The required output is the lines below from the line containing "Hochparterre Radolfzell am" to the line containing "Paris: Small-Group Catacombs", inclusive, retyped exactly. No other lines belong in it.

_Material provided_:
•••
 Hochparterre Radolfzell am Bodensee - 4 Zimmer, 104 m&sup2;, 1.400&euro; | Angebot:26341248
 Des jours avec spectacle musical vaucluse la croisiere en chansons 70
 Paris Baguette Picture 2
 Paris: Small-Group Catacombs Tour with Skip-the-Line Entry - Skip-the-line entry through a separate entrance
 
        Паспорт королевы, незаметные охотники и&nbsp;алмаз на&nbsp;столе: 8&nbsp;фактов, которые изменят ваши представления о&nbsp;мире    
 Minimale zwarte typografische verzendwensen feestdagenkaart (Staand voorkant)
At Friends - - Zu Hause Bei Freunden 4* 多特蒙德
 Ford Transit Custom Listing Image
•••
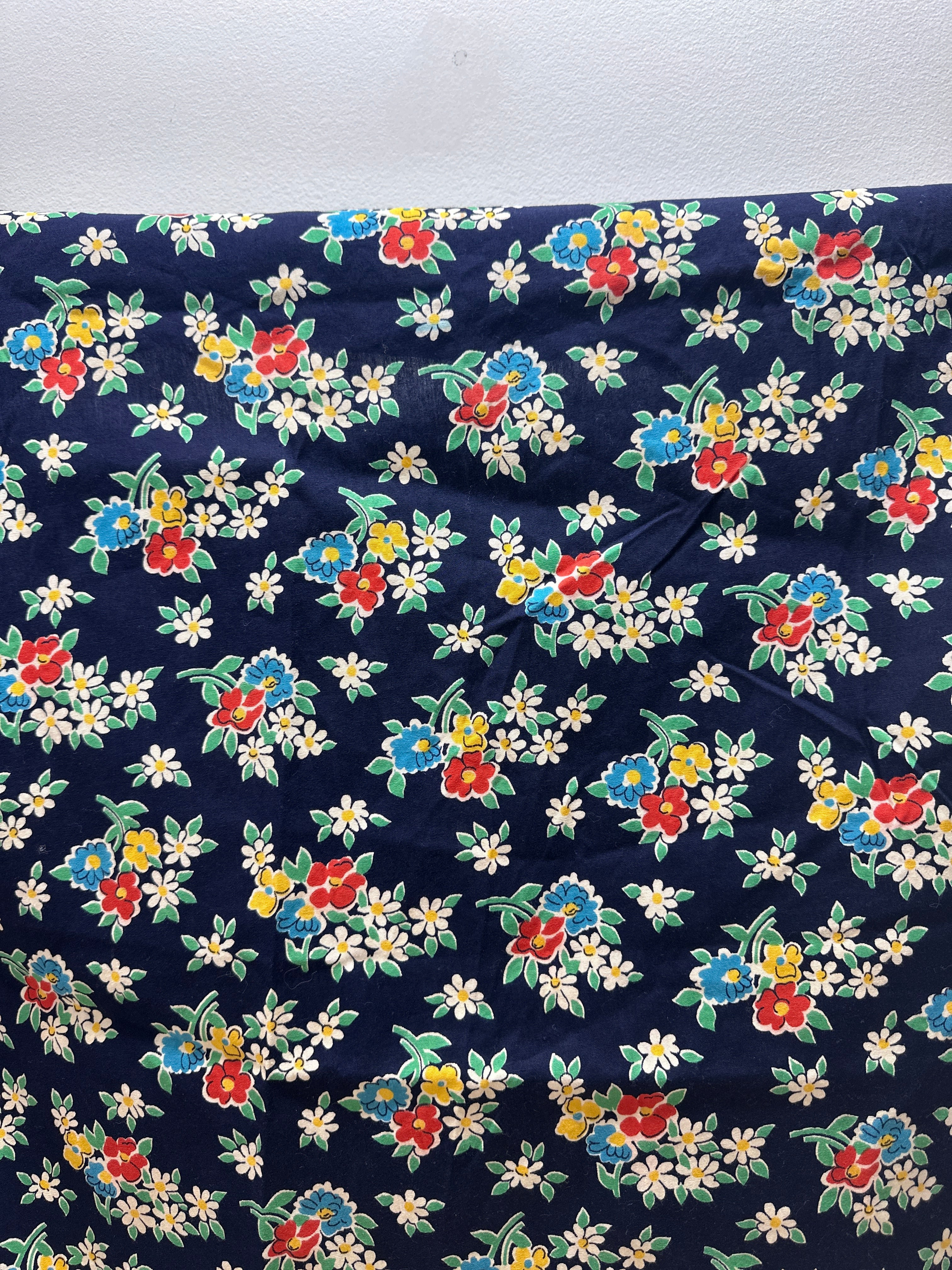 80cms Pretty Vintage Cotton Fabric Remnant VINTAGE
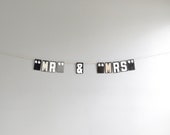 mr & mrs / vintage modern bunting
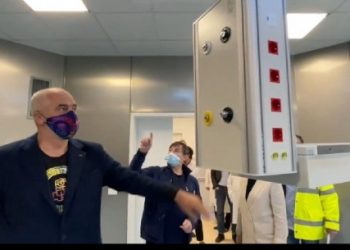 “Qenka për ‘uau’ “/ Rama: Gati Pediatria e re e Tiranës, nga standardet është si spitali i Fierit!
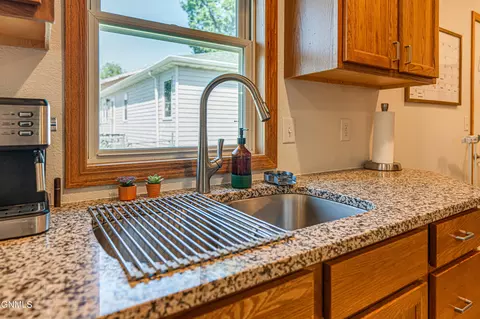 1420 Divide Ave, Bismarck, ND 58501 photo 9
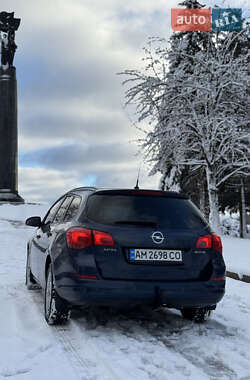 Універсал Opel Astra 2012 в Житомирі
•••
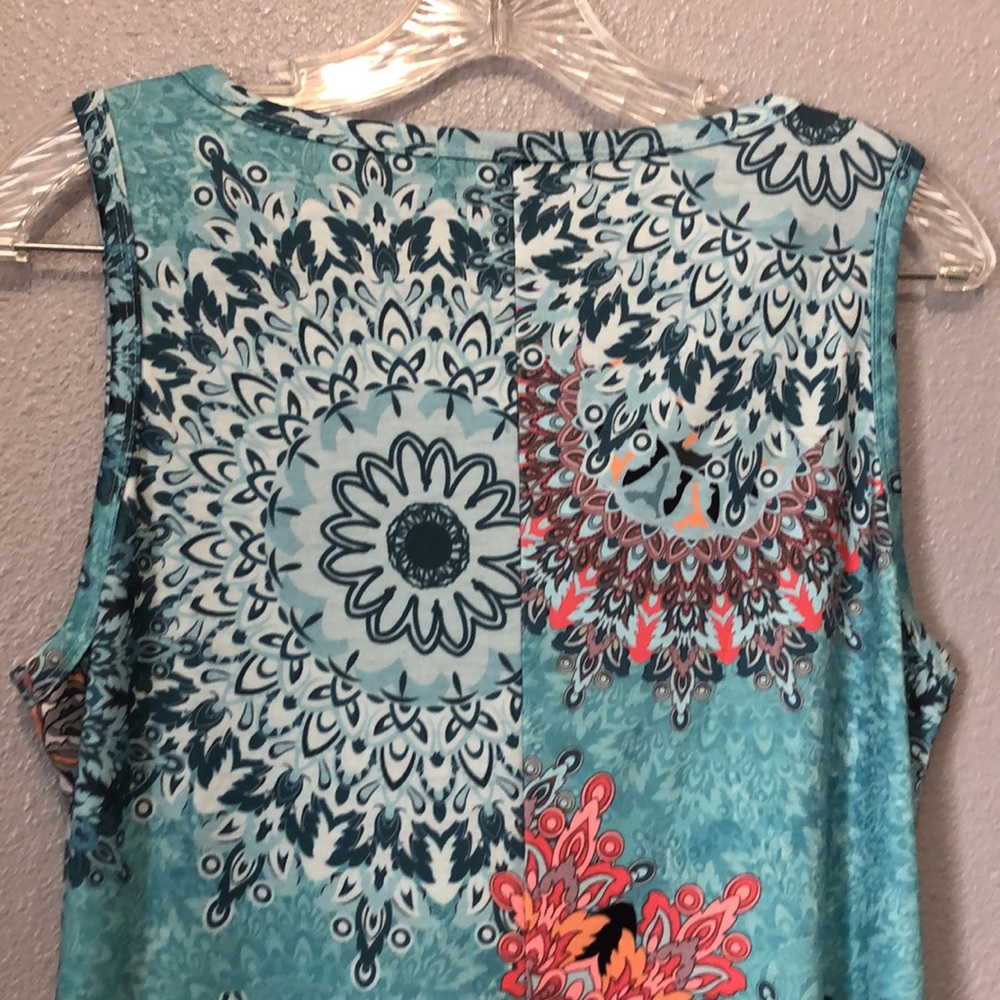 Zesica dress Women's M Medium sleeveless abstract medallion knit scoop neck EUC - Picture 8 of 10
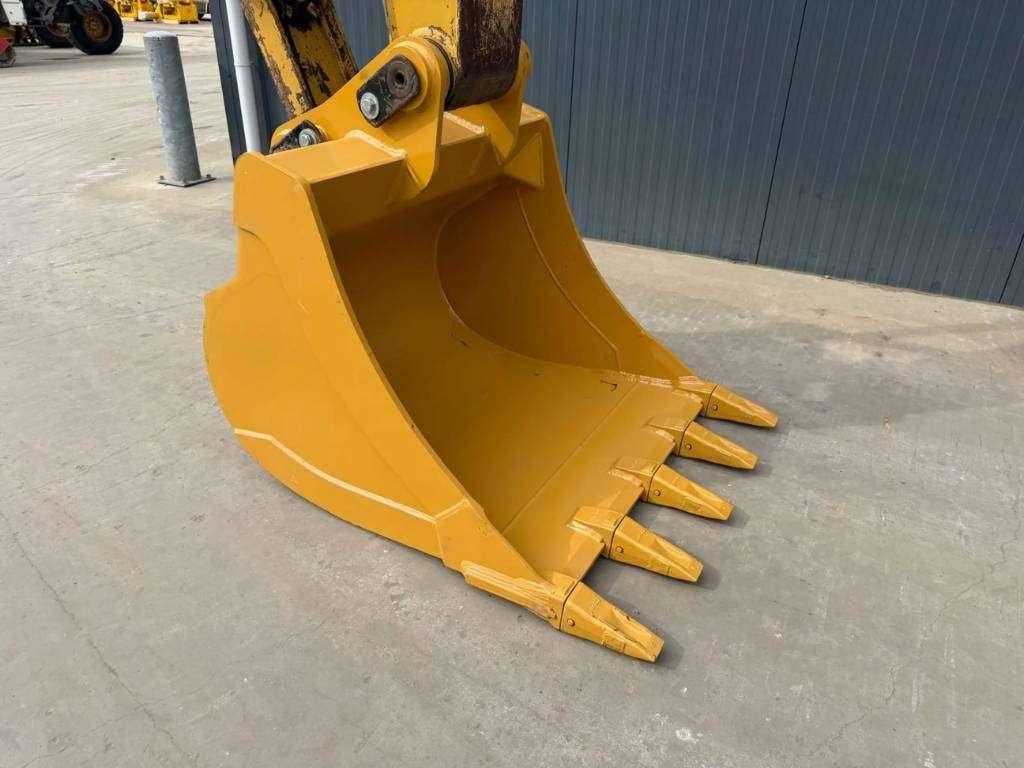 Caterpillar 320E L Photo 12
•••
_Response to this task_:
 Hochparterre Radolfzell am Bodensee - 4 Zimmer, 104 m&sup2;, 1.400&euro; | Angebot:26341248
 Des jours avec spectacle musical vaucluse la croisiere en chansons 70
 Paris Baguette Picture 2
 Paris: Small-Group Catacombs Tour with Skip-the-Line Entry - Skip-the-line entry through a separate entrance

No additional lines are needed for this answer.